Hong Kong Monetary Authority spends HK$1.77 billion to defend currency

Hong Kong dollar needs to be defended for third time this month as US-China talks end with little progress in Washington.

Hong Kong’s de facto central bank again intervened in the currency market to defend the city’s currency, this time buying HK$1.77 billion while selling US$225 million during New York trading hours on Thursday.

The Hong Kong Monetary Authority’s intervention, which will result in a withdrawal of banking liquidity, comes as the US and Chinese officials ended two days of trade talks with no breakthrough, weighing on the Chinese yuan and Hong Kong dollar.

HKMA’s intervention, the third time this month, is expected to reduce the city’s aggregate balance – a measure of banking liquidity – to HK$91.03 billion (US$11.6 billion), effective on August 27.

Hawkish comments in the minutes of the US Federal Reserve’s last policy meeting released earlier this week also fuelled expectations for tighter US monetary policy next month, which in turn is boosting the outlook for the US dollar against the Hong Kong dollar.

Friday early evening trade showed the Hong Kong dollar was changing hands at 7.8499 against the US currency, a hair’s breadth away from the lower limit of its permitted trading range. Under the city’s linked exchange rate system, the Hong Kong Monetary Authority is obliged to keep the local currency trading in a range of 7.75 to 7.85 to the US dollar.

Meanwhile, onshore yuan, traded in the mainland, was down 0.05 per cent to 6.8812 per dollar, falling for a second straight day. Offshore yuan, traded outside of China, strengthened 0.23 per cent to 6.8778 per dollar.

Li Bo, an official at the People’s Bank of China reiterated earlier this week that China would not pursue competitive currency devaluation and would not use its currency as a weapon to deal with trade frictions. Li’s comments came after President Donald Trump accused China of manipulating its currency in an interview with Reuters.

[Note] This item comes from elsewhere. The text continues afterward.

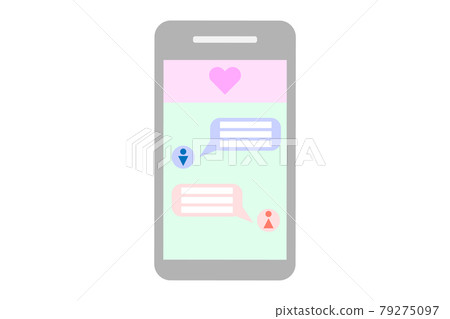 智能手機,男人和女人,以及心形印記 智能手機,男人和女人,以及心形印記 79275097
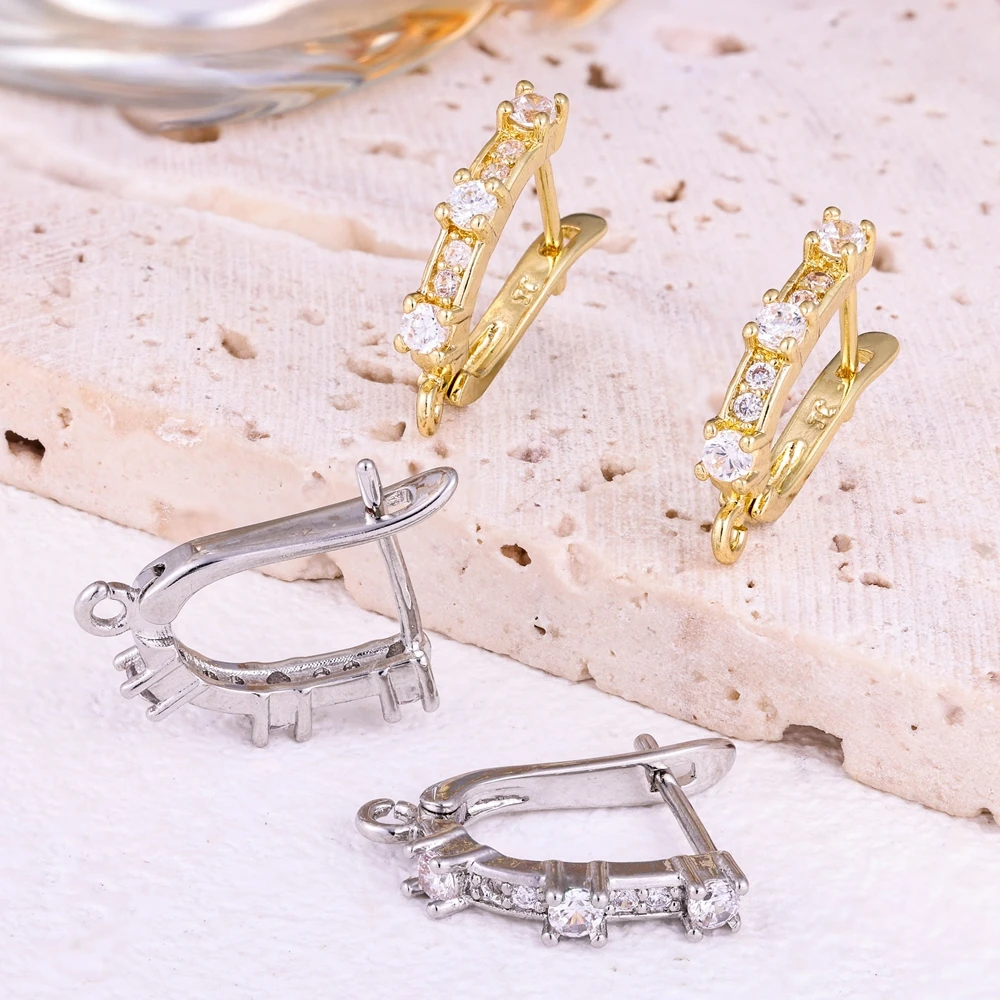 Juya 수제 장식 CZ 기본 패스너 후크 귀걸이 잠금 액세서리 DIY 럭셔리 여성 매달려 매력 귀걸이 만들기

Westpac Asia head of macro strategy Frances Cheung said that while the monetary authority would like to see an increase in Hong Kong dollar market rates, there would be a potential for the rates to overshoot and leading to a rapid adjustment of asset prices and capital outflows.

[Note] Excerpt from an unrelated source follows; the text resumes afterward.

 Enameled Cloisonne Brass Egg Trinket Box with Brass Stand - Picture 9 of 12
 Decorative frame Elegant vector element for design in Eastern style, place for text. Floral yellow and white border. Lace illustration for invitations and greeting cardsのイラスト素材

“Risk is still to the upside for Hong Kong dollar rates, upon potentially further drainage of liquidity via currency intervention and the prospects for prime rate hikes,” Cheung said.

Pressure is mounting for the city’s commercial banks to raise their prime rates given that the HKMA is expected to raise benchmark rates in lock step with the Fed to maintain Hong Kong’s currency peg to the US dollar.

Property shares in Hong Kong slid on Thursday to one-month lows amid fears that interest rate rises would make mortgages more expensive and weigh on home prices in the world’s least affordable city.

In a sign of the effects of rising interest rates showing in the property market, major Hong Kong developers Nan Fung Development and Sun Hung Kai Properties have sold new homes below market price in recent weeks.